What Woody told her about himself was that he’d come to Bologna in 1987 for the trial of the terrorists who’d put a bomb in the busiest train station in Italy on the busiest day of the year—the bomb that had killed his daughter; that he’d lived with an Italian woman in Bologna for a couple of years; that he’d taken a teaching job at the American Academy of Florence; and that he was hoping to go home at the end of the year. Back to Illinois. St. Clair.
Margot wasn’t sure where it was.
“Between Moline and Peoria,” he said.
Margot told Woody, making it sound more certain than it actually was, that a producer was interested in doing a film based on the book she’d written about her experiences when she first came to Italy after the big flood in 1966—her discovery, in the convent where she was working, of a unique copy of a book of Renaissance erotic drawings, Pietro Aretino’s I modi, and her subsequent love affair with an Italian art conservator. It wasn’t for sure, she said, which is why she probably shouldn’t be talking about it, but you never knew, did you?
Woody said you didn’t.
She was irritated with herself for bringing up the film because she knew she was doing it mainly to make herself interesting, as if she weren’t interesting without the prospect of a film. She thought she was very interesting. In any case, the book had been optioned when it first came out, fifteen years ago, by MGM for Emma Thompson, and then by Esther and Harry Klein, and then by a string of other companies whose names she didn’t remember, and she’d gotten quite a bit of money, but nothing had come of it, and by now her agent had retired. She didn’t know if she should look for another agent or not. The woman who wanted to produce the film—the same Esther Klein who’d optioned it after MGM—was coming to Florence next week, so if she wanted an agent she’d have to do something right away.

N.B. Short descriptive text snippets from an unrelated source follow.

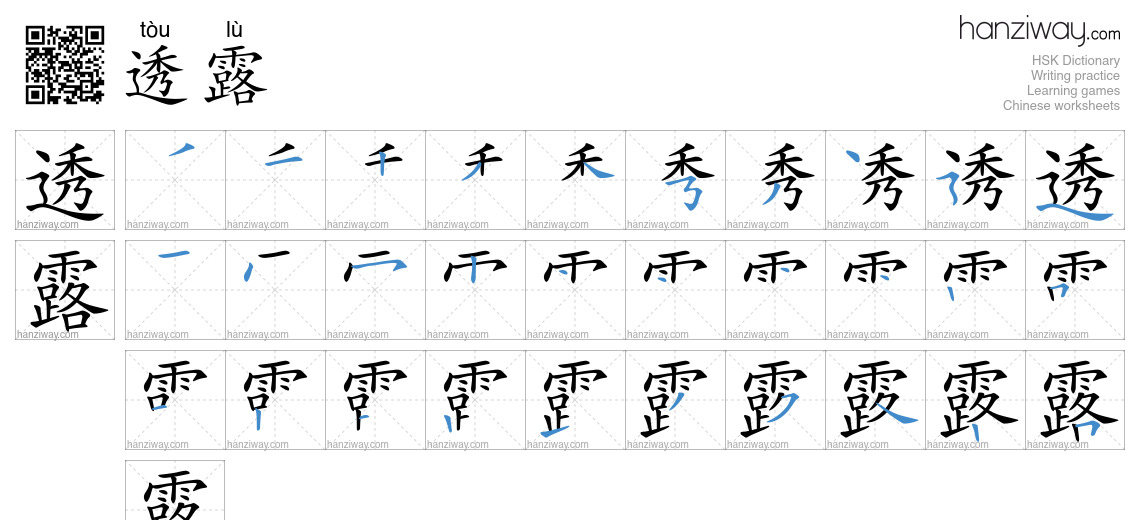 Character 透露 stroke orders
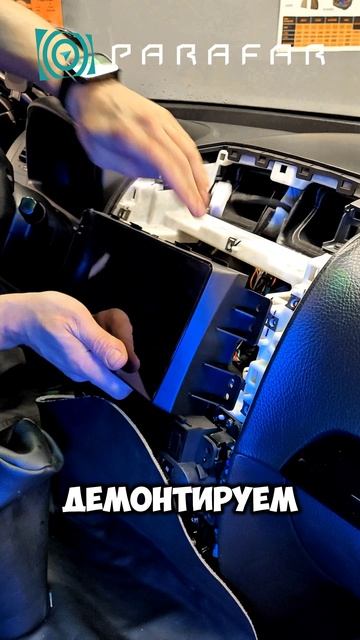 Установка магнитолы #Андроид #Parafar PF227 серии U2K в #Kia #Mohave смотреть онлайн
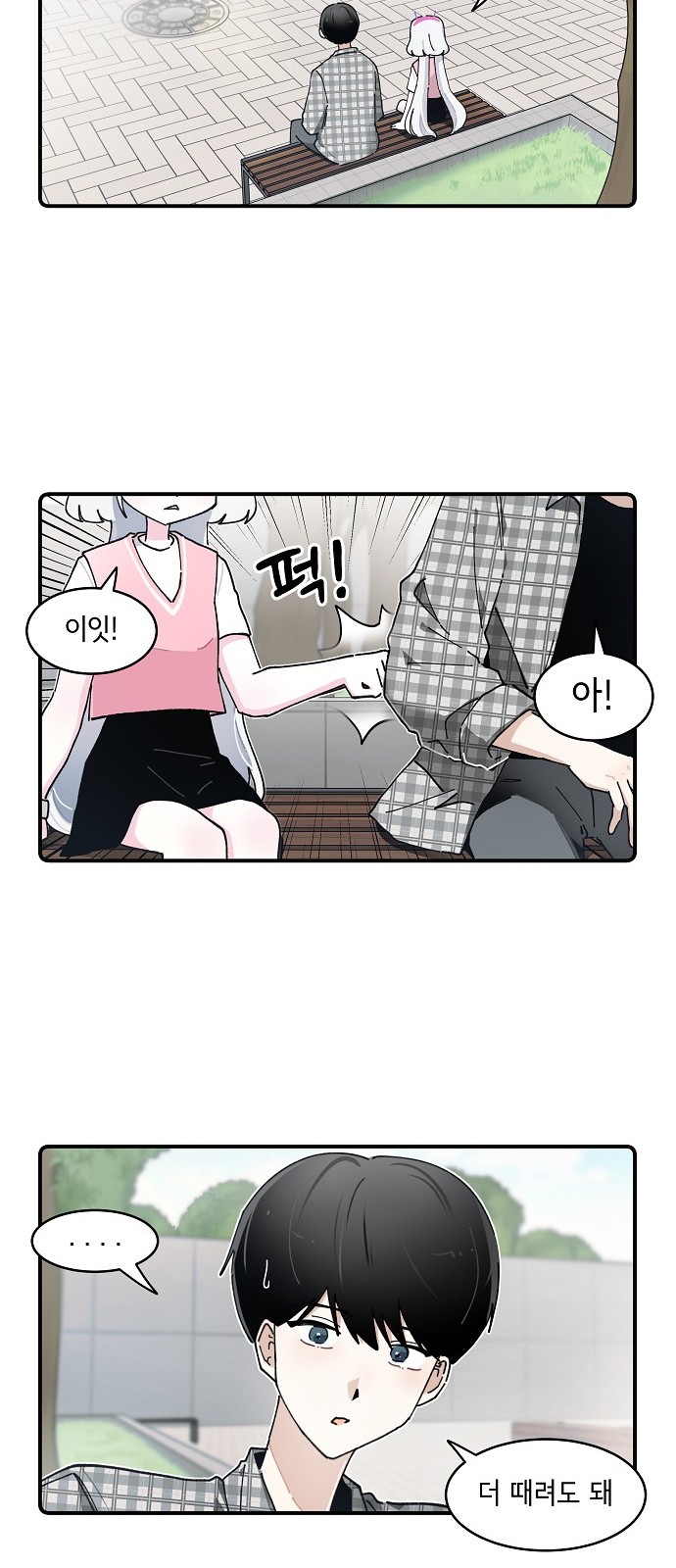 16 페이지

He didn’t ask her about the book. What he asked instead was if she ever thought about going home.
She shook her head.
“Ever get homesick?”
She shook her head again. “Never,” she said. “Not till tonight.” This was not strictly true, but it wasn’t strictly a lie either.
“Really?”
She nodded her head yes.
“Why’s that?”
“It just hit me, when I heard you singing ‘Sweet Home, Chicago.’”
“It’s a Robert Johnson song,” he said, “but everybody’s got a version—Johnny Shines, Elmore James, Taj Mahal.”

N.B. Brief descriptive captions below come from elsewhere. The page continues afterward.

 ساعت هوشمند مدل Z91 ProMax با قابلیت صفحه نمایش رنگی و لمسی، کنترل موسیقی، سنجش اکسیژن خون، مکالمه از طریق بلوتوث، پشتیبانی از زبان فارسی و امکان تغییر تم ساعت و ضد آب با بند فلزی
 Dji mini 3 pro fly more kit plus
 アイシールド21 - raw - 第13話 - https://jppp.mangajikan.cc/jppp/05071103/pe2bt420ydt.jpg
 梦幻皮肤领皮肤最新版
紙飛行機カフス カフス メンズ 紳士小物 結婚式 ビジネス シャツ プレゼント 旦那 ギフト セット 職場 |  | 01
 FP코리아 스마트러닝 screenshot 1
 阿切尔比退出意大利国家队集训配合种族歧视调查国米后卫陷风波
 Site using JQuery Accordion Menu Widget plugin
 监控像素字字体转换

“My father sang all those songs,” she went on. “‘Key to the Highway,’ ‘Sittin’ on Top of the World,’ ‘Come Back, Baby.’”
“Is your father still living?”
She shook her head no. And then she laughed. “He died in India. My mother had been dead for years, and he fell in love with an Indian woman at my sister’s wedding and moved to Assam. Up in the north.”

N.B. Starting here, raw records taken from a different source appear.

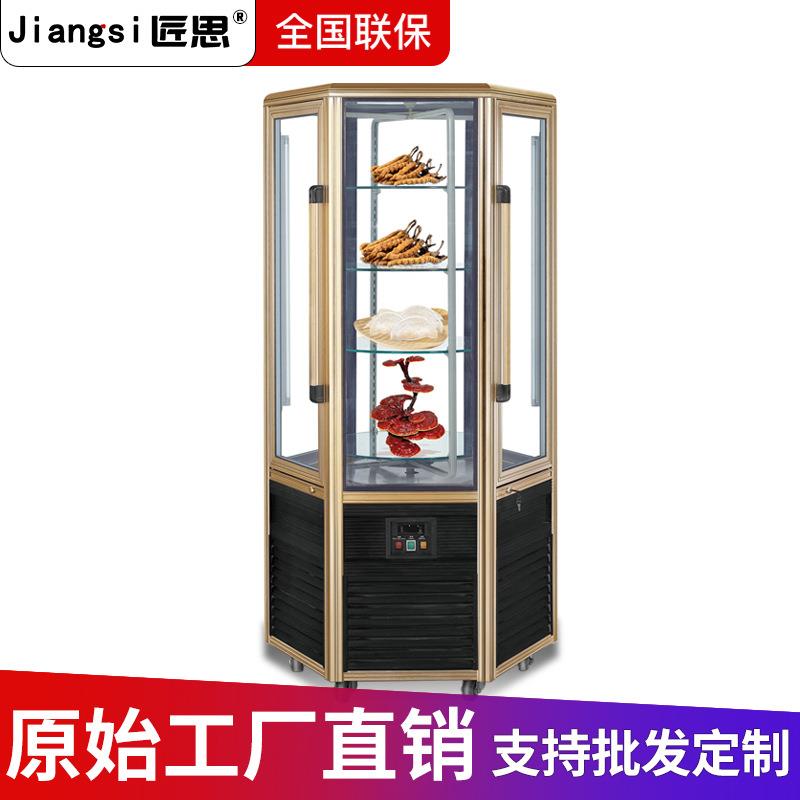 四六角旋转冷藏展示柜精品柜蛋糕虫草名贵药材冷藏保鲜柜冰箱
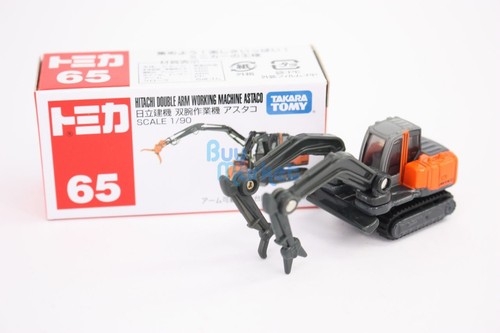 Macchina takara tomica - macchina,
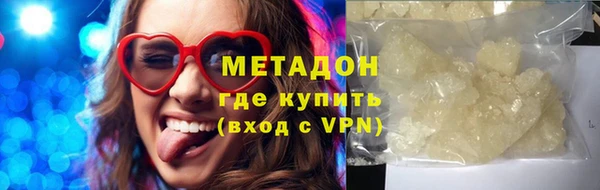 кристаллы Дмитровск
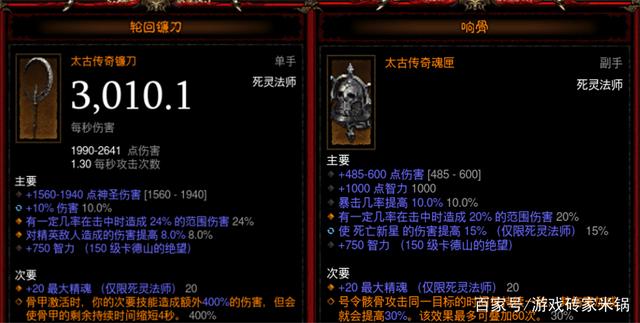 暗黑破坏神3亡灵法师用什么武器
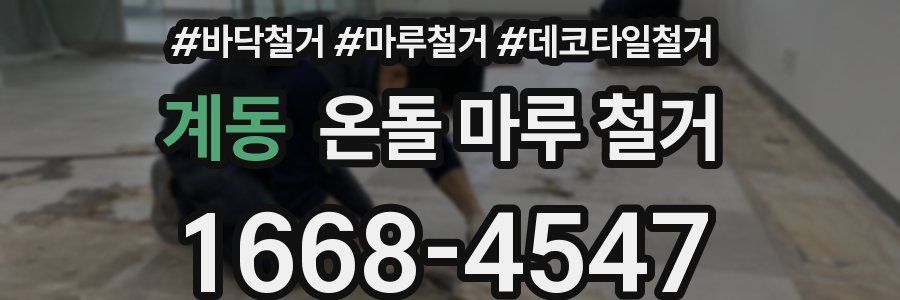 계동 온돌 마루 철거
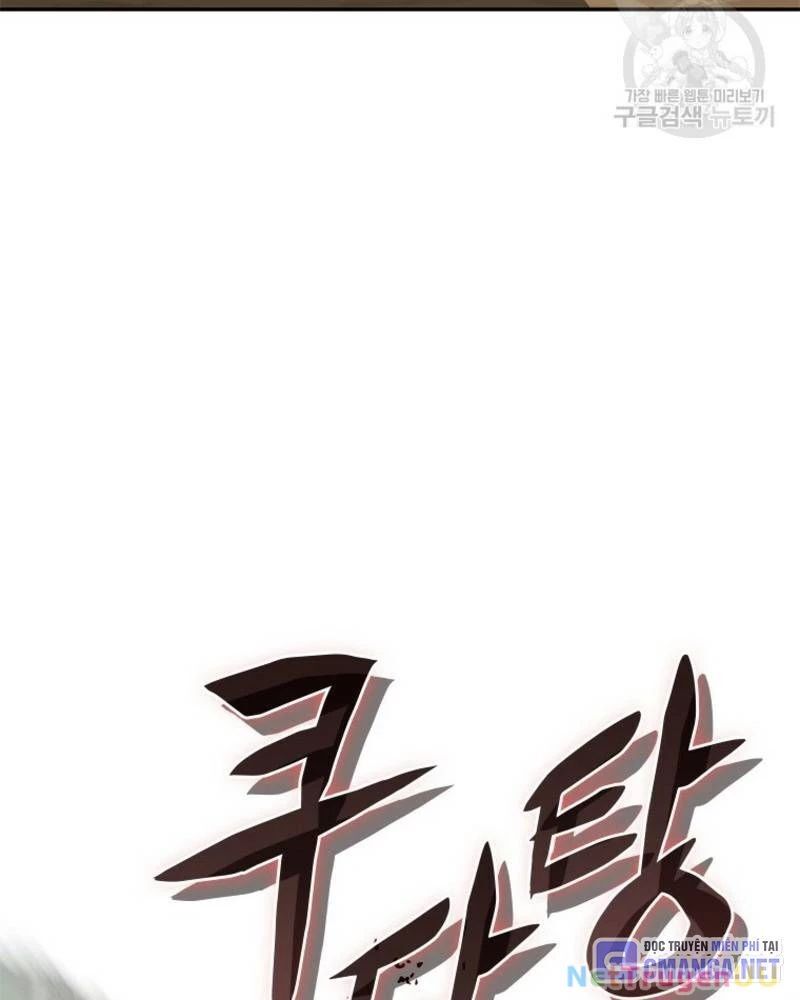 page_86
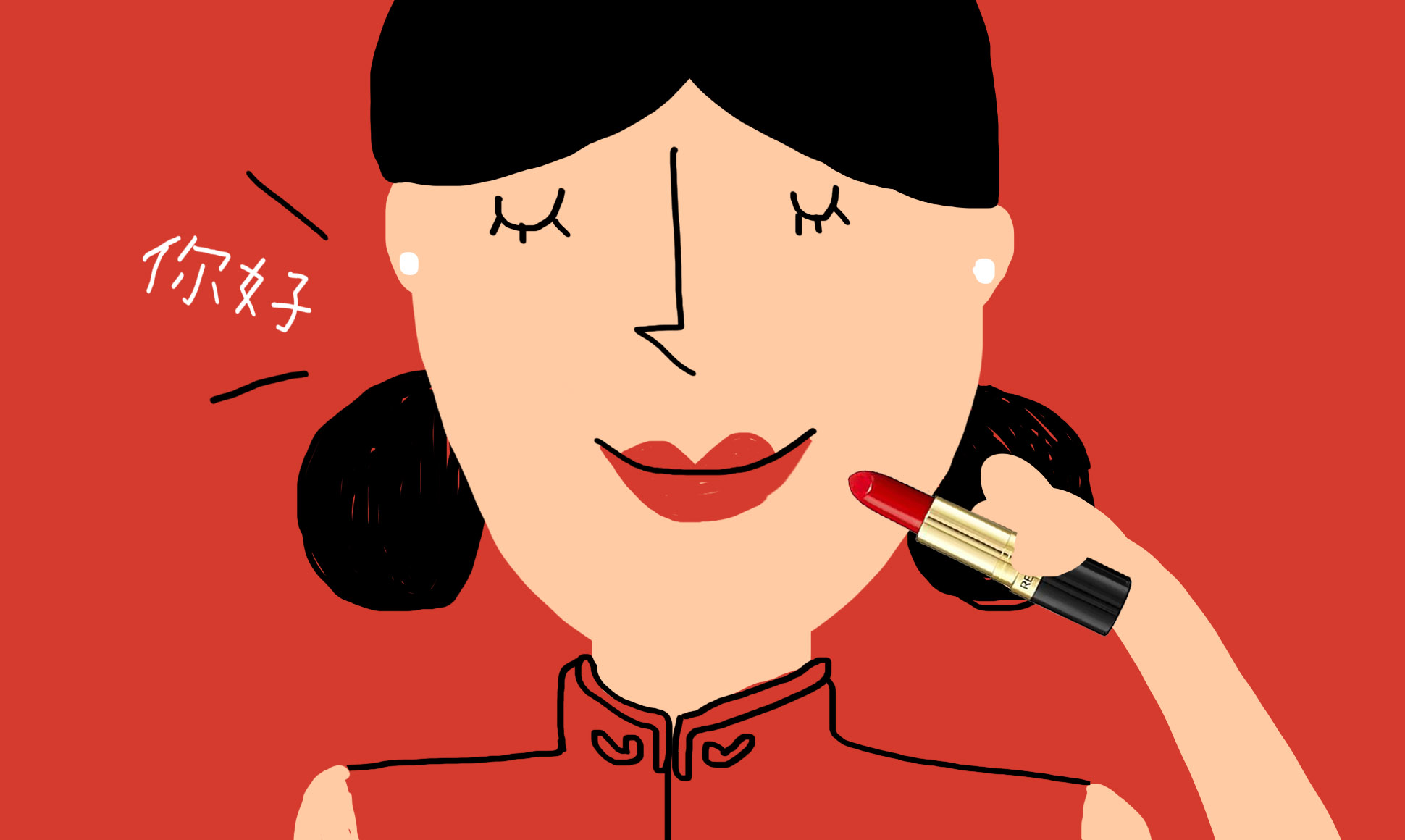 ตรุษจีนนี้ต้องปัง! 5 ลิปแดงคุณภาพในงบ 250 บาท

“I know where it is,” Woody said. “The Romans got silk from the Brahmaputra Valley, but they didn’t have a name for Assam. That’s where all the tea comes from.”
“Right. Nandini—that’s the woman he fell in love with— owned a big tea garden.”
“So, things worked out for him.”
“Yes. But I wish he’d lived longer . . .” She shrugged. “The sad thing is that I wish he could be buried next to my mom. She’s all alone in Graceland Cemetery. I know it’s a stupid thing, but he loved her so much . . .” She started to tear up, and then she started to laugh again. “It really is stupid, isn’t it?”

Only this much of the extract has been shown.